The path forward depends less on what AI can do than on whether we invest in reskilling at the same rate we pour concrete for data centers. Either way, the bottleneck won’t be ideas. It will be throughput.

The premium shifts from model architecture to infrastructure literacy. For engineers, understanding how to optimize for constrained compute becomes more valuable than squeezing another point of accuracy. For companies, strategic advantage flows to those who secure capacity now, even at uncomfortable cost. Waiting for prices to drop assumes supply will meet demand. History suggests otherwise.

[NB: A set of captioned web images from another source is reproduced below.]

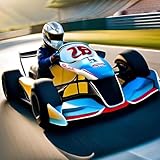 Fantastische 3D-Autorennspiele, das Beste von CARS 2016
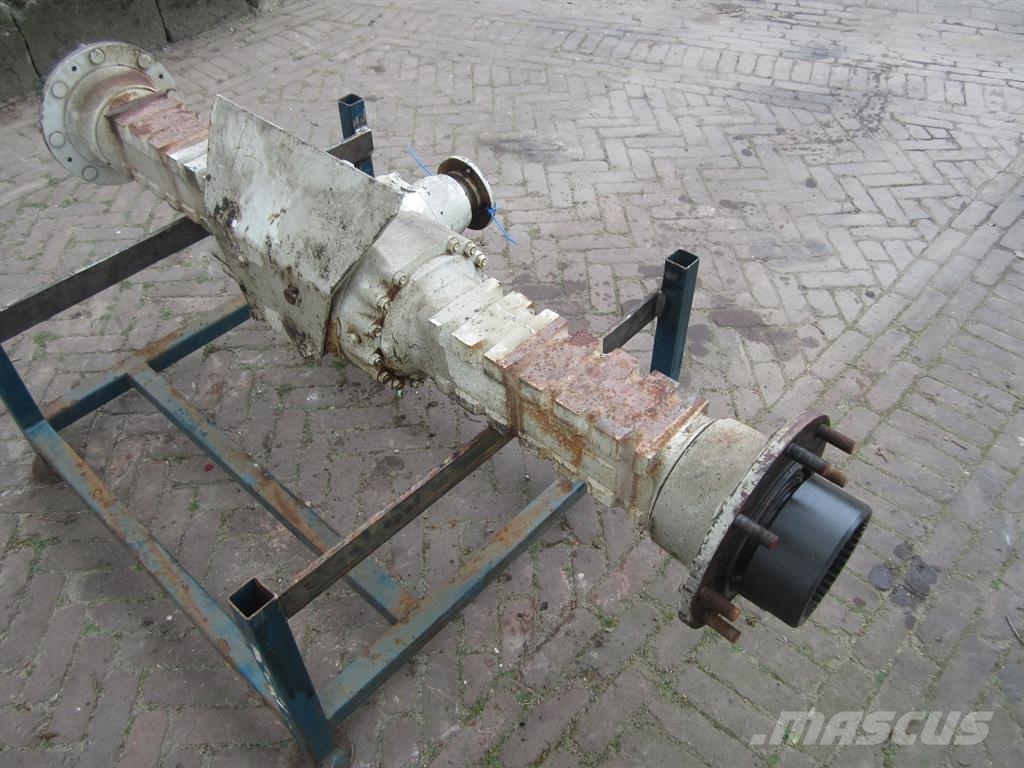 Hurth Axle/Achse/As 軸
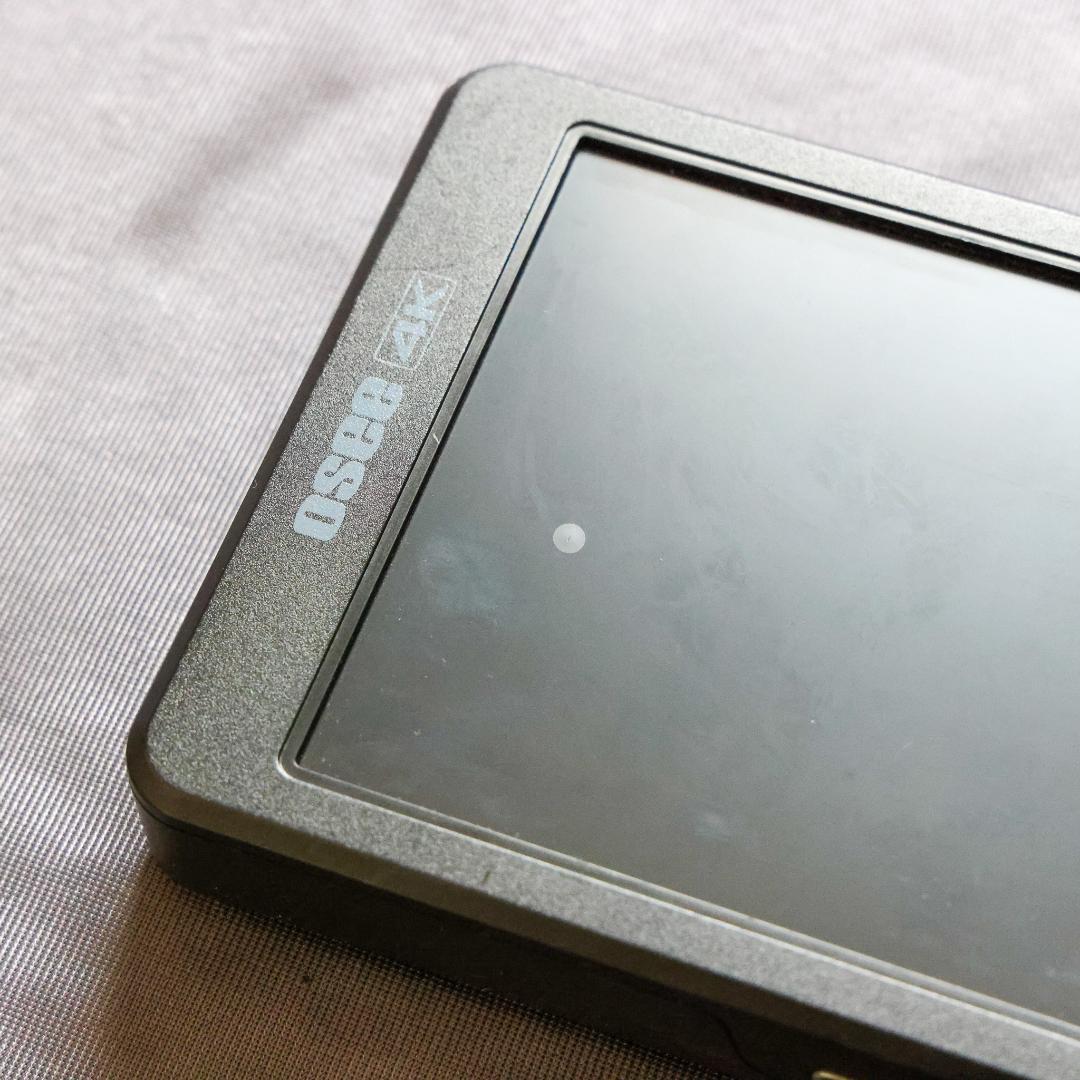 【値下中・美品】OSEE T7 カメラモニター ビデオモニター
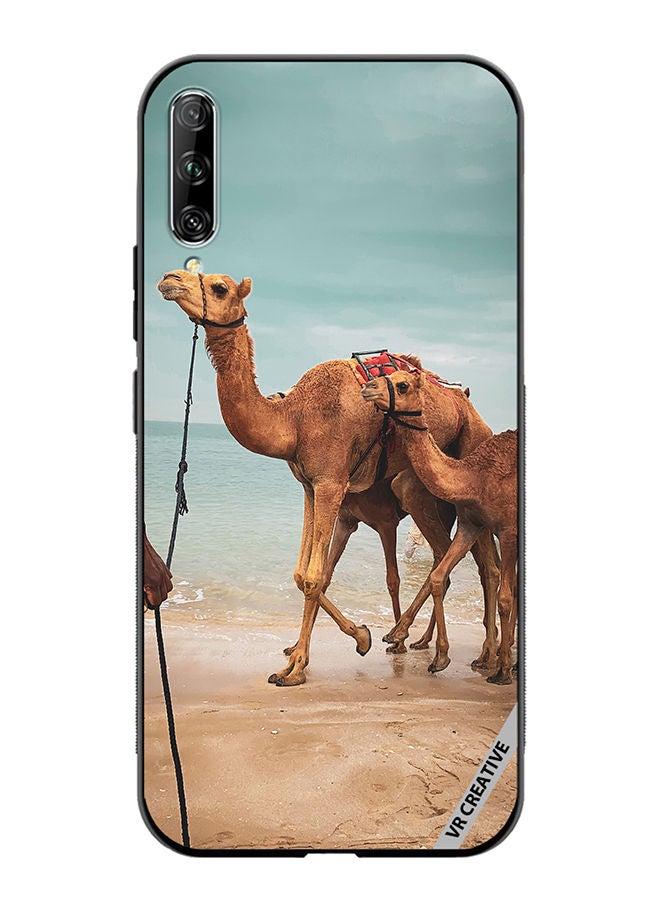 VR CREATIVE Protective Case Cover For Huawei Nova Y9S Merry Camel Design Multicolour - Image 1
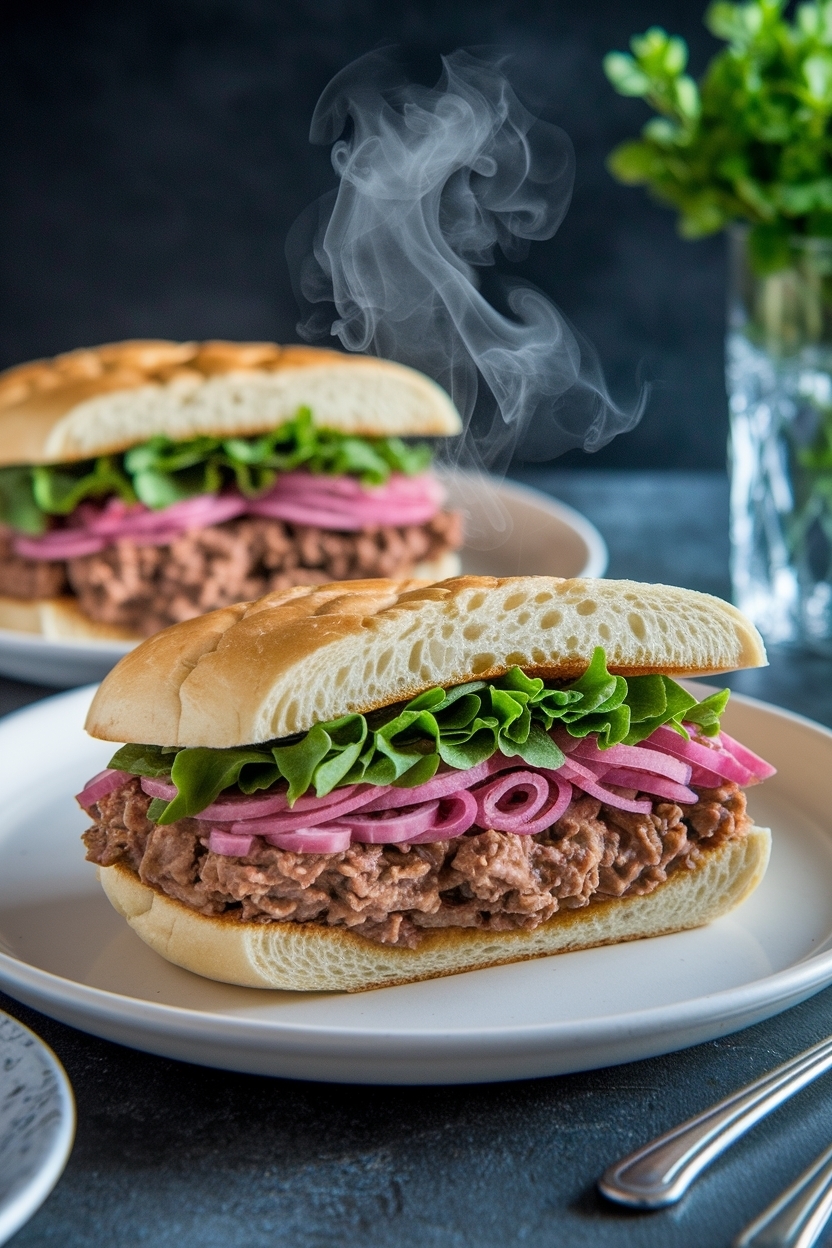 instant pot french dip sandwiches recipe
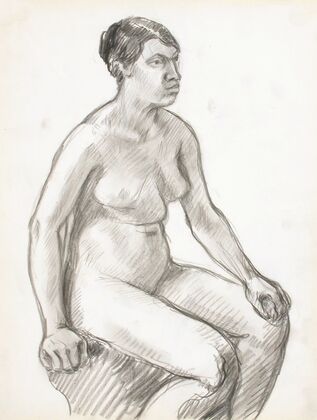 Woman Seated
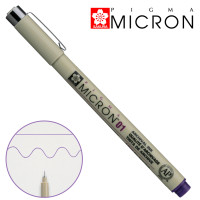 Линер PIGMA Micron (0,1), 0,25 мм, Фиолетовый, Sakura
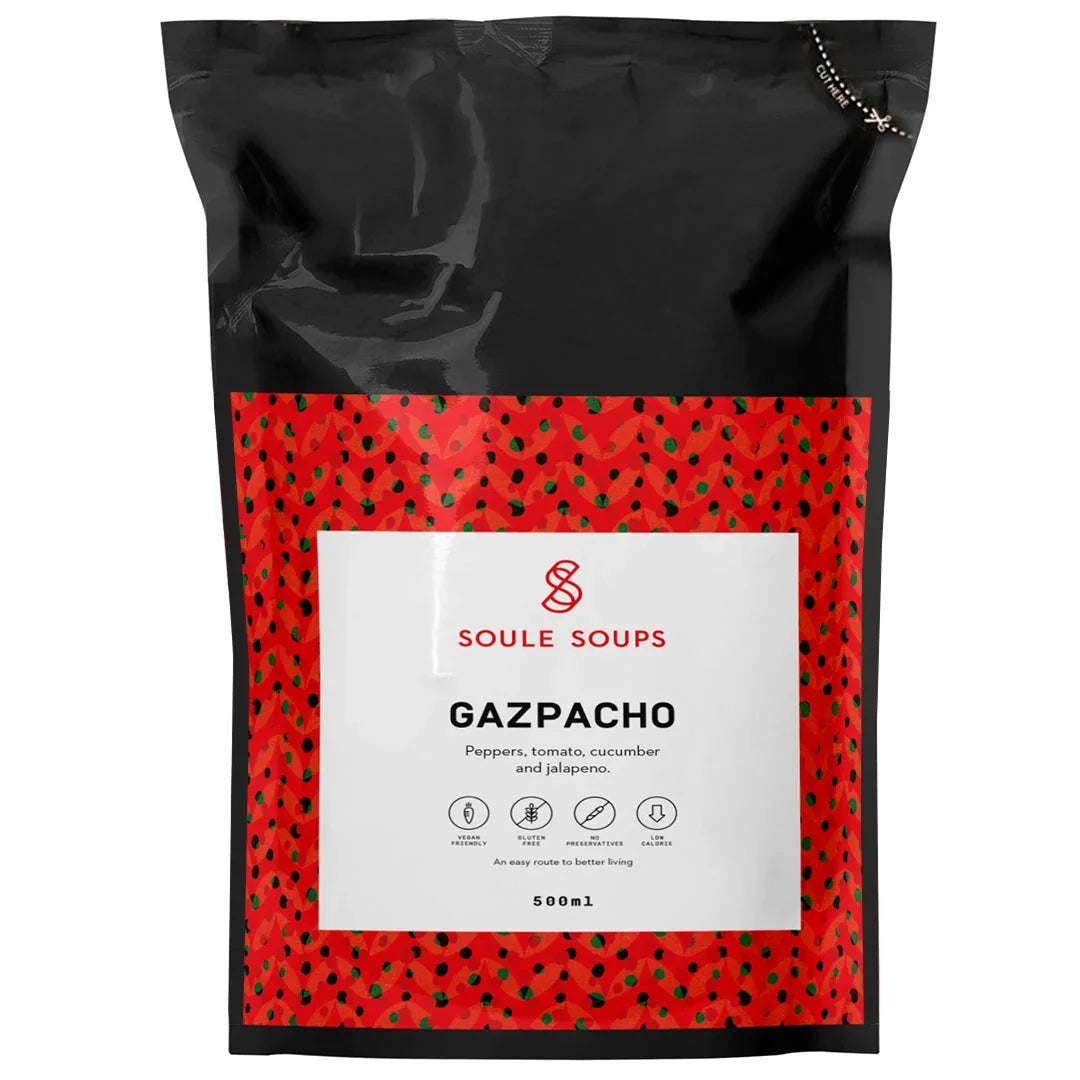 Soule Soups Gazpacho Soup (Eat Cold) 500ml | Welaza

The boring bets may matter most. Not the sexiest model, but the companies with the longest runway of guaranteed compute. Not the flashiest demo, but the partnerships that ensure it keeps running under load. And for nations, compute dependency becomes a geopolitical wedge. Countries that built domestic chip fabs after recent shortages are now asking the same questions about AI infrastructure. The grid matters more than the code running on it.

We spent a decade believing software eats the world because it scaled like thought. Marginal costs near zero. Distribution instant. Barriers low. The next decade looks different. AI scales like energy: constrained by physical infrastructure, governed by supply contracts, and bottlenecked by whoever controls the flow.

In that world, brilliance still matters. But the decisive move isn’t elegant. It’s securing the breaker box before the lights go out.